EVM chains changed the mechanics but not the underlying problem. Ethereum doesn’t have native multi-input transactions the same way, but the equivalent signals are everywhere: shared gas funders, correlated interaction timing, identical contract call sequences, and deposit address reuse at centralized exchanges. Chainalysis, Nansen, Arkham, and Elliptic each built on top of these signals and layered in proprietary entity tagging, off-chain intelligence, and machine learning models that infer clusters probabilistically rather than deterministically. the result is that by 2024 the bar to cluster an EVM wallet farm is dramatically lower than most operators assume.

the core mechanism

let me walk through the actual signals in order of how easy they are to detect.

gas funding topology

this is the single largest mistake i see. you generate 50 wallets. you fund them all for gas from a single intermediate wallet, or worse, directly from a Binance withdrawal. even if you use a “burner” intermediate, that intermediate wallet’s funding pattern is visible on-chain. the resulting graph looks like a star: one hub, 50 spokes.

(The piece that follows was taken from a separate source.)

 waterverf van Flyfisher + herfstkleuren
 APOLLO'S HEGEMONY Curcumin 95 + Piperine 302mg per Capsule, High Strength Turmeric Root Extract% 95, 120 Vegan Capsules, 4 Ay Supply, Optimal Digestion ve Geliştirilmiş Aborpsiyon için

Nansen’s entity graph picks this up automatically. the hub gets labeled. every spoke inherits the cluster.

the correct mental model is that a gas funder is a hard link between every wallet it touches. if wallet G funds wallets 1 through 50 with ETH, those 50 wallets are trivially clustered via G, even if G itself is not labeled. the analyst doesn’t need to know who G is. they just need to see that G is the common ancestor.

[CEX withdrawal]
       |
    [funder]
    /   |   \
 [w1] [w2] [w3] ... [w50]

this pattern is detectable in a single query against an indexed chain database. the fix, partial as it is, is to introduce multiple layers of intermediary with actual delay and volume noise between each hop. but even that doesn’t solve the problem if the behavioral signals downstream are correlated.

timing correlation

if your 50 wallets all interact with the same protocol within a 20-minute window, that window is itself a clustering signal. Arkham runs temporal correlation analysis: wallets that repeatedly appear together in the same protocol interaction windows, even if never directly linked, accumulate a soft cluster score. this is probabilistic, not deterministic, but the probability adds up fast if you’re running batch jobs.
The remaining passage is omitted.